PK: I suppose there’s a conflict, where I want to make work that can be disseminated, which the internet enables, but also autographic mark-making, which has a physical quality to it. I’ve always wanted to merge the photography with the handmade in a sense, and break up that smooth surface of the photograph. I’ve worked in a lot of different contexts because of that.
One of the things about montage is that it should have the break, the cut. I don’t mind if works are not smoothed out or Photoshopped. I’m not trying to create an image of a glorious reality or irreality, like the advertising world does. Those breaks are really important.
Peter Kennard, Pallet, 1990. From a set of 12. Oil, dust, charcoal on wood, 90 x 60 cm. © Peter Kennard. Courtesy the artist and Richard Saltoun Gallery.

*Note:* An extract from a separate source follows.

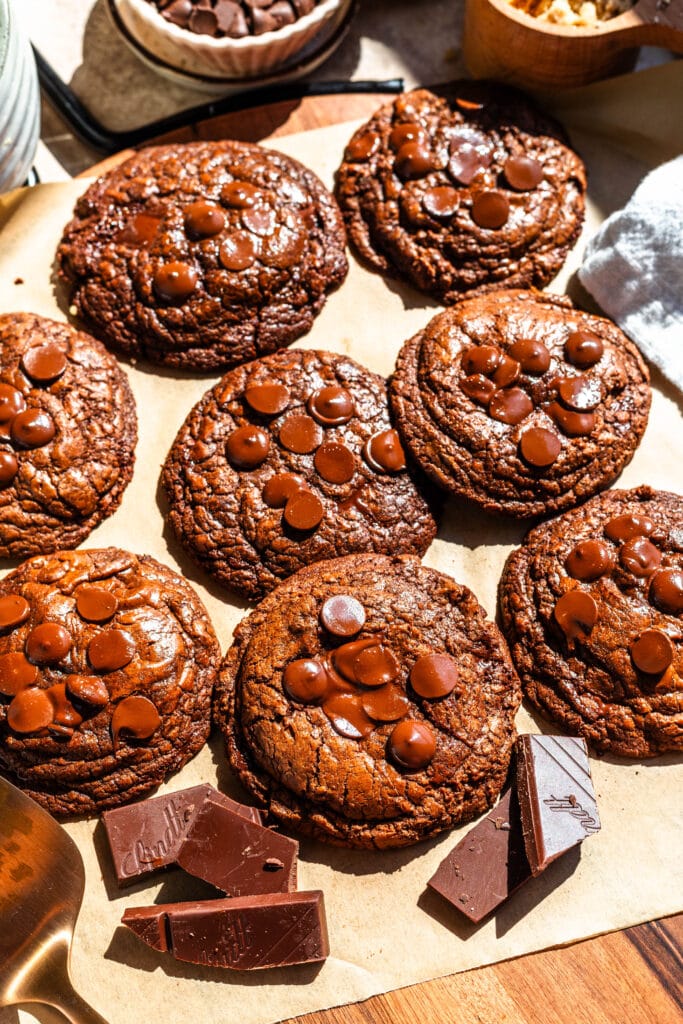 brownie chocolate cookies with chocolate chips on top.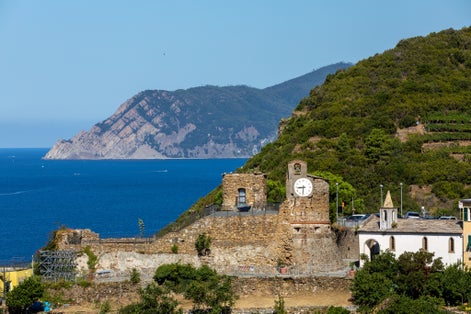 photo of view of Landscape panorama with castle of Riomaggiore, historic building located in the upper part of the historic center of Riomaggiore, in the Cinque Terre, in the province of La Spezia.,Riomaggiore italy.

I did a lot of stuff for the Guardian at one time, but then they were worried that people might be confused, because they’re using photographs elsewhere. Which I think crazy, because montage, to me, is about allowing people to think critically about images. Montage brings together things that are usually separate: the missiles, the victims of the missiles, the leaders who are ordering the missiles.

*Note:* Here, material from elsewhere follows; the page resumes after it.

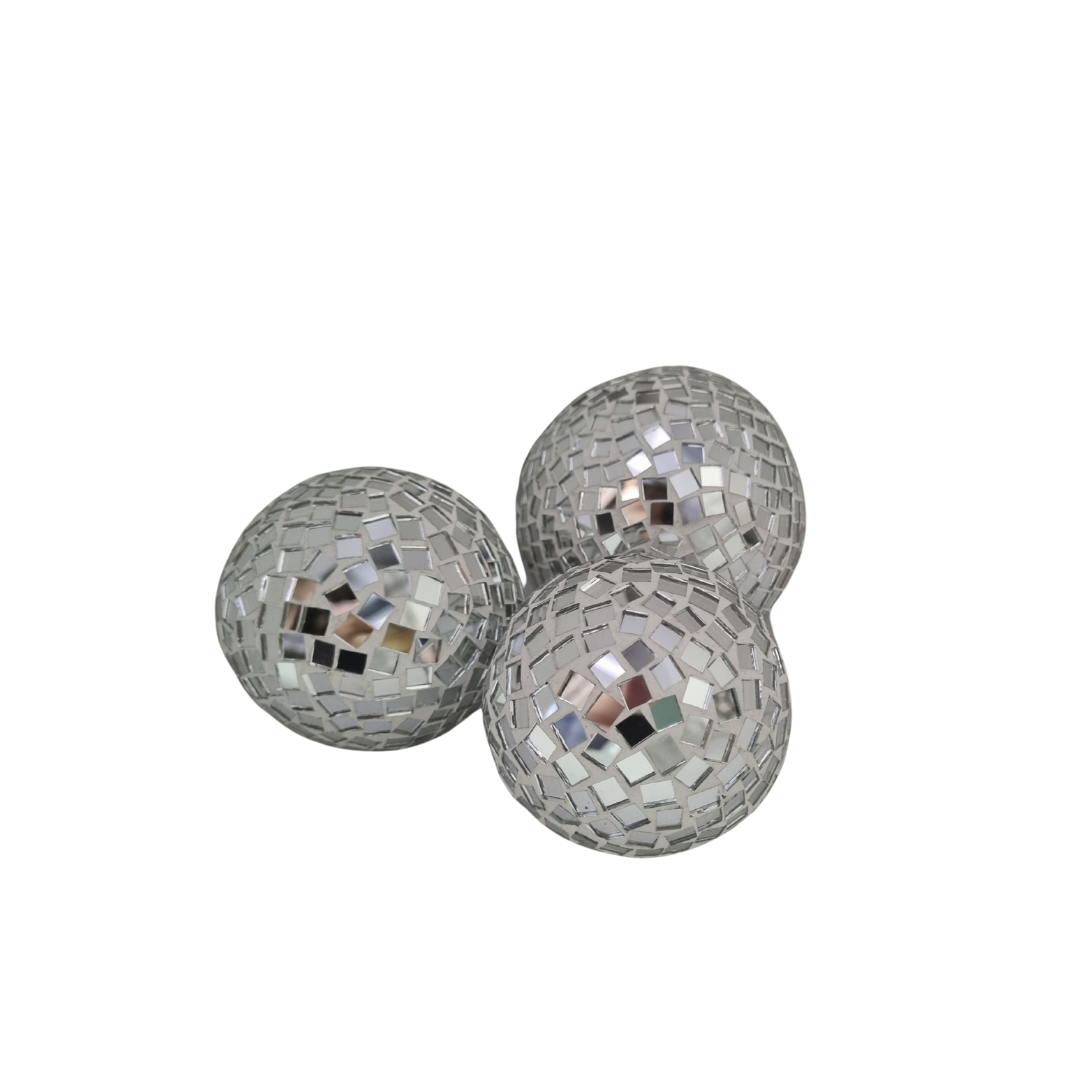 Three silver disco balls on a white background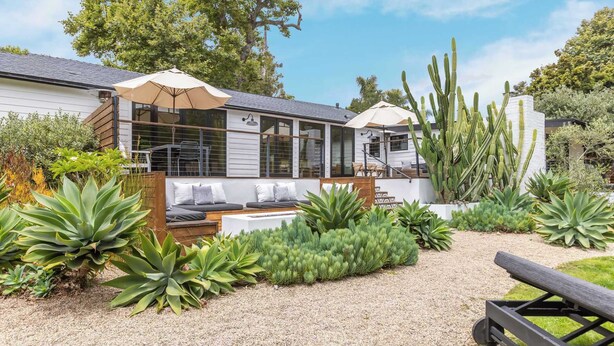 A modern house with a covered patio, outdoor seating, and a variety of plants.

JL: Some of your works, such as the Pallet sculptures, seem activated by an art world context.
PK: Yeah, if they’re not in a gallery, they become scraps, street objects. The gallery gives them a context, in a way. I think that galleries are really important. They’re one of the few places where people can just spend time. When I exhibited at the Imperial War Museum [in 2015], you had young people, war veterans, incredible numbers of people seeing work which they hadn’t come to see. I did a workshop there for a week, and sometimes had 150 kids, all making work. And that opens so much for people if they can actually work with material.

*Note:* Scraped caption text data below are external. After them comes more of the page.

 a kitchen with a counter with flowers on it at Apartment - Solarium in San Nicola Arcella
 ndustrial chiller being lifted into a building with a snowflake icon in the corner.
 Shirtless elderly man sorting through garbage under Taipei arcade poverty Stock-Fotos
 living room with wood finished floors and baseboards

JL: How has the way people receive photomontages changed?
PK: It’s very difficult to make any image stick in people’s minds now. Occasionally, there’s the photo, like the drowned child on a beach, that people suddenly start to think about. But even a horrific image like that doesn’t last long in people’s minds. Things are so quick now.
When lockdown started, I was going to do a whole lot of stuff about Donald Trump. And I’ve ended up doing something much more ambiguous, I suppose, using the image of the hand. That brings in a more existential feeling about Covid, about Black Lives Matter and the economic chasm that has opened up even more between rich and poor people, rich and poor countries. I’m trying to make something that works on a different level than straight montage.
Peter Kennard, Pallet, 1990. Oil, charcoal and dust on wood, 90 x 65 x 14 cm. © Peter Kennard. Courtesy the artist and Richard Saltoun Gallery.
They’ve got the stock market pages, but they’re rubbed away. And the hands are worked on with charcoal and pencil and different mediums. In some, the hand is merged with the numbers, so that the numbers become almost like shrapnel hitting the human. The human works in total opposition to the seriality you get from stock market numbers. Then there are also the numbers coming in daily about people who have died from Covid.
JL: Hands are a recurring feature in your work, from the hand-crushing nuclear missiles to today’s frenzied claws.
PK: The hand is very important. One thing is that they go back to prehistoric cave painting. You never get images of people, you get just the hand. Also, the hand symbolises emotions without being a specific person – it’s more symbolic, more general than specific.
JL: Directly depicting current events in art, especially in a world already saturated with images, might be limiting.
PK: And why does one need to depict it, in a sense? I think one needs to picture the human response, so people can look at the work and think of their own experience. A sort of empathy, I suppose. The times we’re in are incredibly complex. With Trump, almost everything we did about him backed him up in a way. It was grist to his mill. For me – I don’t advocate for other people – it’s finding something much more human, much more about the human strivings around the world at the moment.
• Peter Kennard: The Concept of History is at Richard Saltoun Gallery, London, from 8 March to 10 April 2021.